2013-02-19 Vatican Radio
(Vatican Radio) History as a place of encounter with God, and the figure of the Messiah, as read through the Psalms. This was the central theme of the two meditations preached Tuesday morning, the third day of the Roman Curia’s Spiritual Exercises, led by Cardinal Gianfranco Ravasi, president of the Pontifical Council for Culture. Emer McCarthy reports:
Moving on from his reflections on the face of God revealed to man in the cosmos, on Tuesday time became the golden thread in meditations on Psalms 136 and 117. God’s theophany, in fact, takes place throughout history. The Cardinal noted that we particularly see this in the Old Testament, in what he defined as the historical creed of Israel, or the passages where we see a faith tied to facts, for example, the great gestures of God’s love: creation; exodus from Egypt, sign of liberation and hope for a people
Cardinal Ravasi says history reveals how we encounter God in the tangle of events, often those marked by suffering, but also joy. A fact made even more visible by the Incarnation:
"History is and should always be our favored place to meet our Lord, our God. Although it is a land of scandal, even if it is a land in which we often see maybe even the silence of God or apostasy of men".
Hope, he continued, is the central virtue to understanding that history is not a series of meaningless events, but as we see in the book of Job, it is controlled by God’s overriding project”.
“We consider the Lord as an ally, a strong and loving companion on our journey through the desert … a Pastor who protects from every natural and historical danger, and the journey towards freedom”.
Hope, said the Cardinal, is the “younger sister” of faith and charity. "Through hope, we are certain that we are not at the mercy of fate, an imponderable fate. Our God is defined in Exodus 3 with the first person pronoun 'I' and the fundamental verb 'I am'. So, He is a Person who acts, who enters into events and that's why our relationship with God is a relationship of trust, dialogue, contact. Yes, our hope springs from the belief that history is not a succession of events without meaning. "

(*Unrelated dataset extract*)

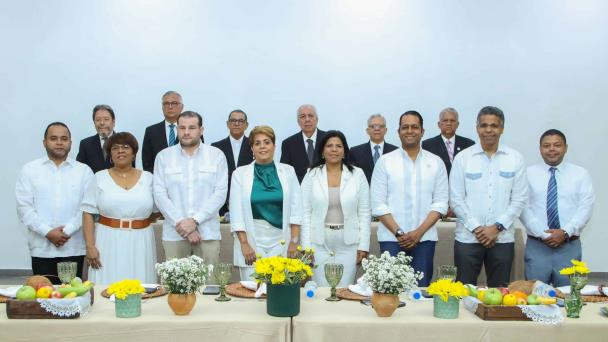 Colegio de Odontólogos anuncia la creación de su Consejo de Pasados Presidentes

In his meditation Monday afternoon, Cardinal Ravasi spoke of the liturgy as the place of God's revelation. There are two basic dimensions: the vertical gaze towards God, and the horizontal gaze towards our brethren. He noted that it is necessary to strike a balance between these two dimensions, otherwise there is a risk of a sacramentalism, when the liturgy is seen as an ends in and of itself or of reducing the liturgy to that of a general assembly.
But above all, Cardinal Ravasi spoke of the need for a deeper analysis of the heart, so that worship does not become a merely external rite, as the prophet Isaiah notes when he says that God hates offerings and sacrifices. Loving our brothers and sisters and well as the confession of sins are, he concluded, crucial moments to cross the threshold that leads to communion with the Lord:
"To go to Communion with God - one bread, one Chalice - you have to be one body, we must have communion among us."